POEM Model, onlinemarketinginstitute.org
Finding someone to do the hardest job
Faced with the problems mentioned above, store owners – especially of medium and small stores – begin to look for “the best possible, one and only agency”. This mythical agency, based on the success-fee model, is supposed to generate sales and allow both parties to earn decent money. Unfortunately, our experience shows that most of these models work only if the store owner has already made strategic investments or is open to making them.
For the success-fee model (sharing the revenue or profit) to be profitable for the party that provides consumers, it must be based on the competitive advantage of the online store.
During our projects, the profitability of the success-fee model was negatively affected by:
- Lack of brand
- Lack of control over distribution channels
- Conflicts between sales channels
- Lack of USP / distinguishing feature
- No warehouse
- Lack of a dedicated person or team responsible for the product portfolio
- No description of products
- No customer advice
When 2 or 3 of these issues are present, you will not be able to find anyone who would provide traffic / consumers in the success fee model. Of course, somebody desperate enough will make a few attempts, only to assess their losses and stop the cooperation after a few months.
Product selling entities based on commission models have a very strong position and seek partnership with other, equally strong partners.
Focusing on conversion rate as the main indicator of success
Conversion rate is obviously very important. I have published case-studies on this rate many times. In the longer term, however, the customer life cycle, order value and customer loyalty are just as important. Focusing on “hard sell“ scares off the clients who are just getting to know the product offer. The easiest way to take care of these customers is to offer them a newsletter subscription via social media or other contact database.
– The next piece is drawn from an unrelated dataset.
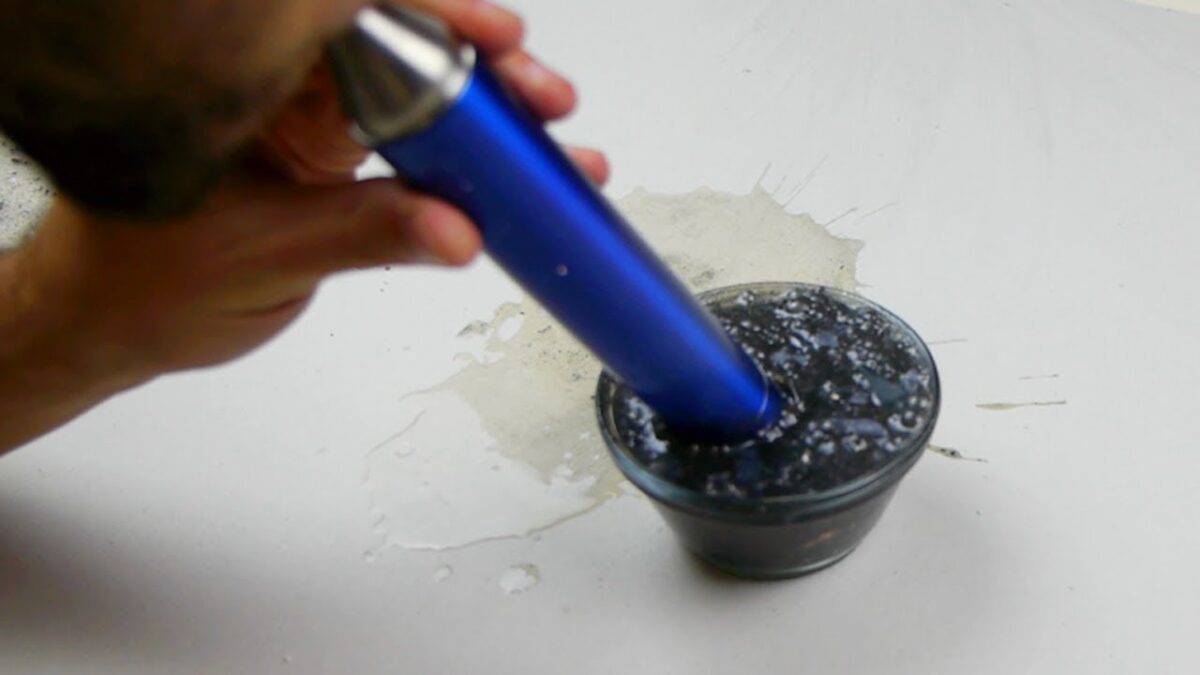 Έβαλε το iPhone X στο μίξερ και το… ήπιε! (Βίντεο)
Optionmonster.com studies have shown that as many as 70% of users leaving a given website will never return to it again.
Meanwhile, during our six-week cooperation with the Willsoor brand we have created a 34% growth in the email database – which led to a 14% revenue rise from the online welcome message in comparison to the whole store. The size of the shopping cart in comparison to the average in the online store is in this case 17,51% bigger.
According to Custora, customer acquisition through email marketing has quadrupled in the last four years. Additionally, the Average customer lifetime value (CLV) indicator is higher for email marketing than for social media, and the email marketing ROI (return on investment) is on average 4300% (source: Direct Marketing Association).